(DATA PROVIDED Opens)
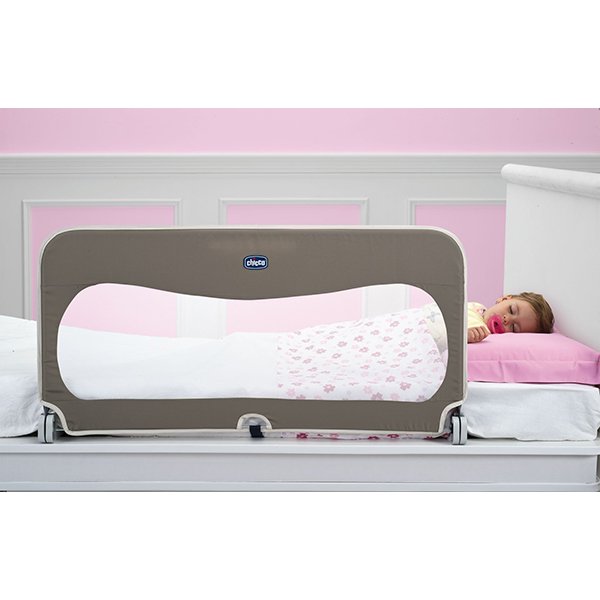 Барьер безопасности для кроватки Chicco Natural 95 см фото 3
(DATA PROVIDED Closes)
(DATA PROVIDED Opens)
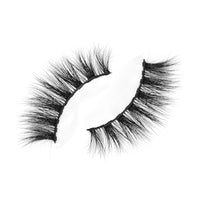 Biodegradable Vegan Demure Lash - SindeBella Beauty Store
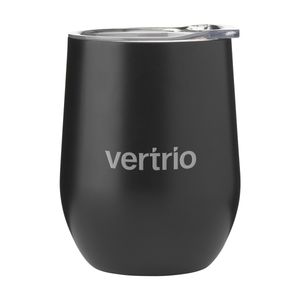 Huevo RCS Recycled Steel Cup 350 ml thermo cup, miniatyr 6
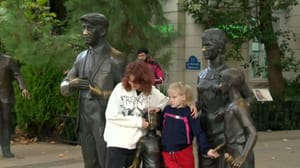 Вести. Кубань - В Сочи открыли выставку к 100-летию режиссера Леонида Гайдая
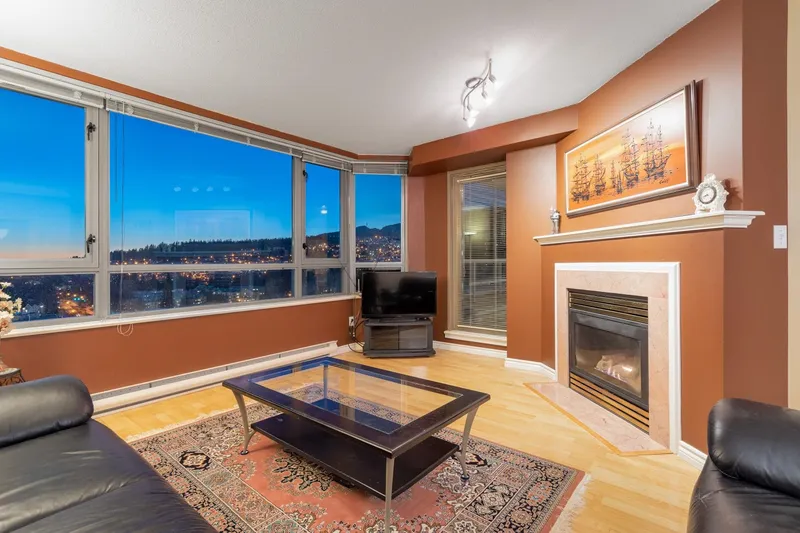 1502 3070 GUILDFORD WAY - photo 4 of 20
(DATA PROVIDED Closes)
(DATA PROVIDED Opens)
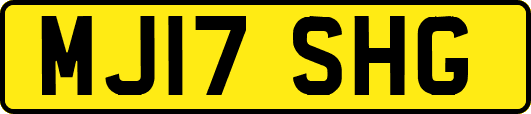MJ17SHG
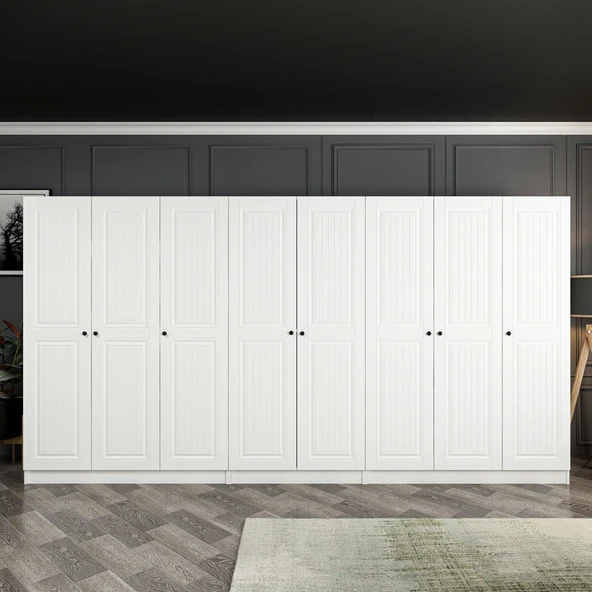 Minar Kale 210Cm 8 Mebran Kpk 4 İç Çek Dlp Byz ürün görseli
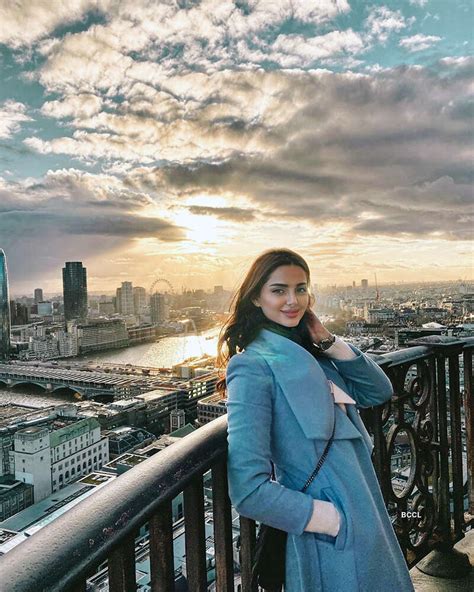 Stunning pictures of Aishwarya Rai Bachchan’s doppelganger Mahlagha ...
(DATA PROVIDED Closes)
[EXERCISE OBJECTIVE]:
Look above for the line with "Minar Kale 210Cm" and the line with "Stunning pictures of". Give again exactly those two lines and all lines between them, pictures excluded.

[YOUR RESPONSE]:
 Minar Kale 210Cm 8 Mebran Kpk 4 İç Çek Dlp Byz ürün görseli
 Stunning pictures of Aishwarya Rai Bachchan’s doppelganger Mahlagha ...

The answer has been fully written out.